Oggi, la sua pizzeria è un laboratorio permanente di eccellenze calabresi. La materia prima è il centro di tutto, ma con una visione ampia, quasi etica. «Per me la Calabria è chilometro Calabria, non chilometro zero. Da Rocca Imperiale a Reggio ci sono 25 monovarietà di olive, ognuna con una storia e un’identità».
Nasce così anche la carta degli oli, una trovata pionieristica che abbina a ogni pizza un olio extravergine selezionato con cura maniacale. «L’idea mi è venuta lavorando con i migliori. In particolare la famiglia Librandi, di Vaccarizzo, per me oggi i migliori produttori d’olio in Italia». L’olio, in Campana, diventa come il vino nei grandi ristoranti: accompagna, esalta, racconta il territorio.
Ma il vero ingrediente segreto resta il fattore umano. «Ho cambiato tante persone intorno a me. Poi, col tempo, ho trovato quelle giuste. Quelle che, oltre alla materia prima, mettono in quello che fanno un quid che fa la differenza». La sua pizza, oggi, ha una firma inconfondibile: «Se vieni da Campana, trovi un gusto che puoi trovare solo qui. Unico. Questo era il mio obiettivo».
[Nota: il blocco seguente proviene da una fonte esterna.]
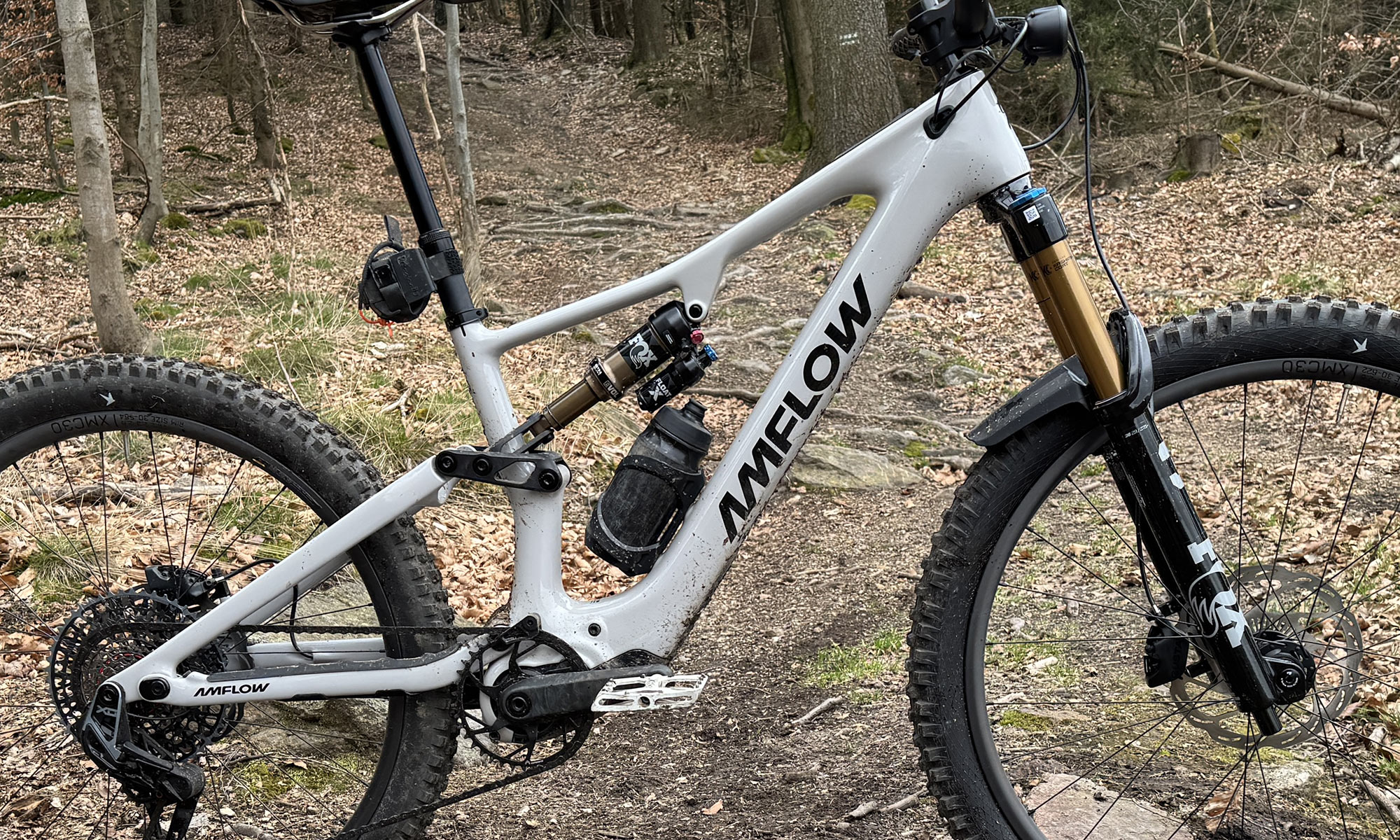 2026 Amflow PX Carbon Pro lightweight full-power all-mountain eMTB with 1500W 150Nm Avinox M2S ebike motor,&nbsp;frameset up close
Un progetto che sembrava utopico, e che invece oggi è diventato realtà. I riconoscimenti sono arrivati uno dopo l’altro: gli spicchi del Gambero Rosso, l’ingresso in Identità Golose, la consacrazione nella Top 50 Pizza. Ma non è stato un successo calato dall’alto. È stato il frutto di perseveranza e auto-promozione intelligente.
«Un giorno scrissi a una persona sui social: “Guarda che c’è un pizzaiolo calabrese che fa delle cose particolari, forse è il caso di parlarne”. Quel pizzaiolo ero io. E lui, incuriosito, venne davvero a trovarmi. Da lì partì tutto». Una storia quasi da romanzo, che si intreccia con la pandemia e i cambi di sede. La vecchia pizzeria al civico 80, poi lo spostamento all’82 in piena crisi sanitaria, e infine Campana 12: dodici posti, solo menù degustazione.
«Oggi sto lavorando sulle mie pizze signature con una prospettiva di vent’anni. Le sto rileggendo con occhio critico. Ad esempio, la Sole – la pizza con fragole, ’nduja e ricotta affumicata – l’ho trasformata in un dessert. Un cookie churri con crema di fragole e ricotta affumicata sopra. Una pizza che diventa dolce, e viceversa.»
È il segno di un'evoluzione continua. Di una creatività che non si ferma. Di un pizzaiolo che ha saputo guardare oltre il forno, oltre i confini regionali, oltre gli stereotipi.